Of course, the painting of the finger (or toe) nails to fit mood and place and time is as much a reason I get manis and pedis as any of the above. My favorite polishes to use span the color wheel — pink for summer (what I have on now), red for fall, bluish for winter, purple for spring. But we all know that no matter what color you choose, the most exquisite manicures and pedicures are done by trained professionals (even if you’ve honed your ability to do them at home). So before I get into my favorite shades, I must call out my favorite place to paint my nails — Vanity Projects, which is tucked between odd-lot retailers and metal-shuttered storefronts on a block in New York’s Chinatown. (There’s also a location in Miami.) In New York, a sorry-ass sign directs you up a creepy set of stairs to the second-floor salon, whose nondescript door looks like it opens into a pill mill. The interior is neither sparkling nor gleaming, but the stylists are true artists, each with their own distinct artistry. The intricacy of their work defies comprehension (and, I should note, can thus come at a high cost); several years ago one stylist did each of my nails in an S&M motif, decorating them with whips, handcuffs, and arm binders. The only thing missing was a mechanism whereby I could press one of the nails and a baseball bat would jump out and beat me.

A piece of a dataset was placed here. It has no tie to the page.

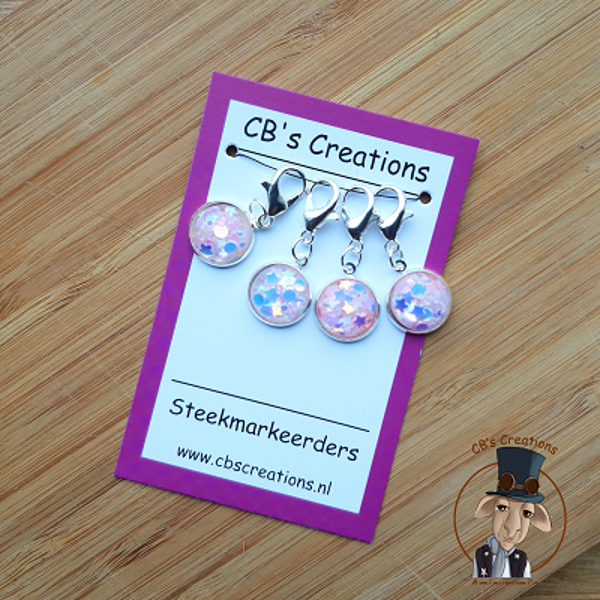 Steekmarkeerder Glitter & Glamour, per set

But back to my favorite polishes. Most of them come from O.P.I and Essie, brands that are pretty much everywhere. If you want to go upscale, I do suggest Tom Ford. Christian Louboutin’s polish, with its distinctive bottle rising in the shape of a stiletto heel, would be fine if you are looking to stab someone and forgot your switchblade. Otherwise, stick to the shoes.
O.P.I polishes come in over 200 different shades. Picking the right one is dizzying, but if you can’t find something suitable to fit your emotion of the moment, something is seriously wrong. The colors — like this shiny, purpley “Berry Fairy Fun” — really pop, and the brand has a vast array of product lines: neon, summer shade, pride nails, vacation nails, music festival nails, job interview nails, painted nails. But no white-collar-criminal nails to color coordinate with your prison uniform? Just think how fabulous Bernie Madoff would look.

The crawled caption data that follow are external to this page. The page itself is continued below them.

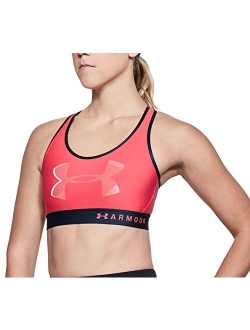 Women's Armour Mid Keyhole Big Logo Sports Bra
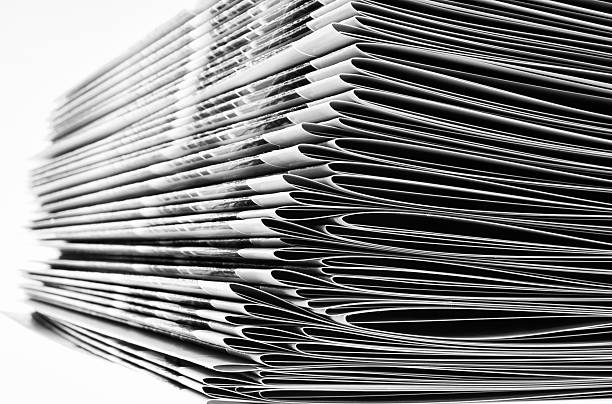 istock bunch of leaflets in black and white 147087109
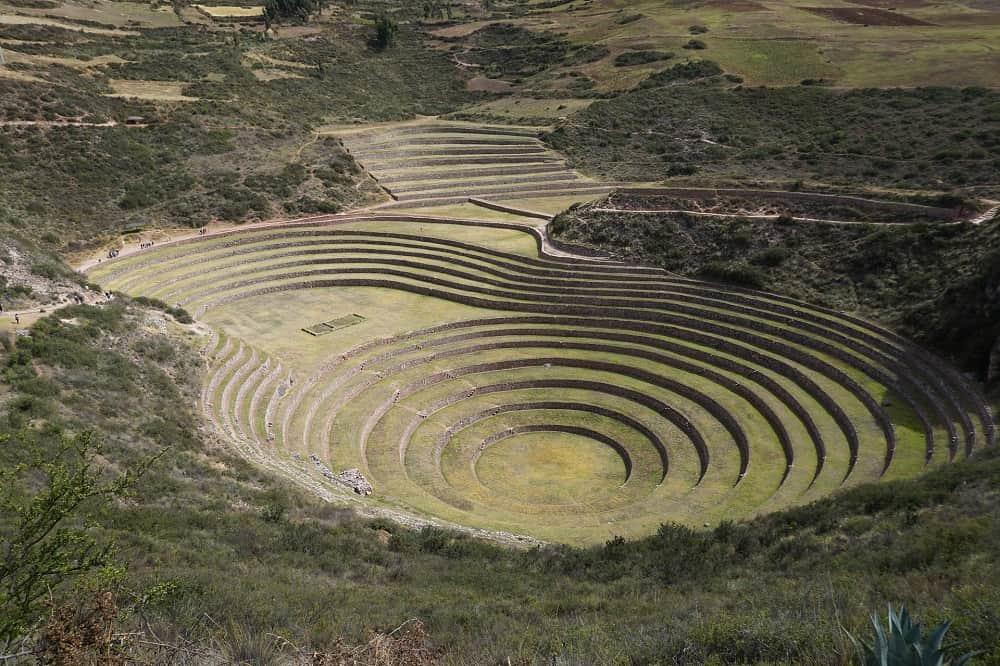 Con il terrazzamento gli Inca erano in grado di produrre abbastanza cibo e conservare l'acqua.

A Little Guilt Under the Kilt (which in my case shouldn’t make anyone feel guilty except me), is a shade of crimson bold enough to shock the shit out of my straight white male friends — not a terribly hard thing to do, for the record. OPI claims that its products can last up to three weeks, and it is a boast that holds true. Gels and acrylics can even last longer, but removing them at home requires the willingness to burn your hands off.
Essie has even more shades — over 300. Once again, a little excessive, but I do admire the marketing imagination in coming up with nonsensical names for what are still basic colors. Like this hue I like, which to me looks like pink, but the brand inexplicably calls “Around the Bend.”

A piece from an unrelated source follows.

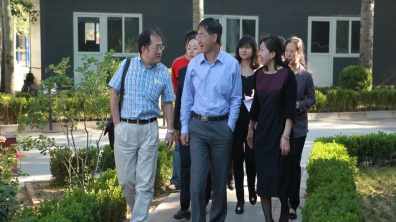 清华大学领导来我校考察工作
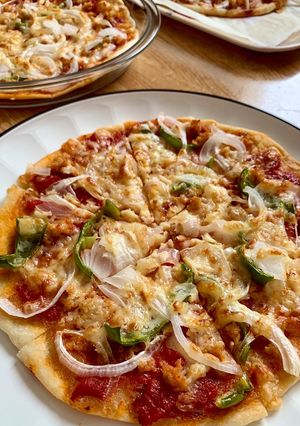 Foto resep Thin-crust pizza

I also like this light-gray color, which Essie says has a light-blue tint and calls “Press Pause.” I suppose the name works for somebody who is simultaneously a fashion climber and insecure — “I won’t be caught dead without my ‘Press Pause.’”
For a nude-ish color, I go with this light-brown polish called “Cliffhanger.” Like with O.P.I, the application of any Essie polish is long lasting.
You have to decide whether the price is worth it, but if it is, Tom Ford’s dark colors really are luscious. The “Bordeaux Lust” is a rich and voluptuous dark red, the ultimate in femme fatale. I think it’s divine for autumn, and also for digging your nails into someone you really hate.
Ford’s “Black Cherry,” which is more of a dark brown, is good for when you are feeling serious and confident and think your boss is a complete asshole who talks too much.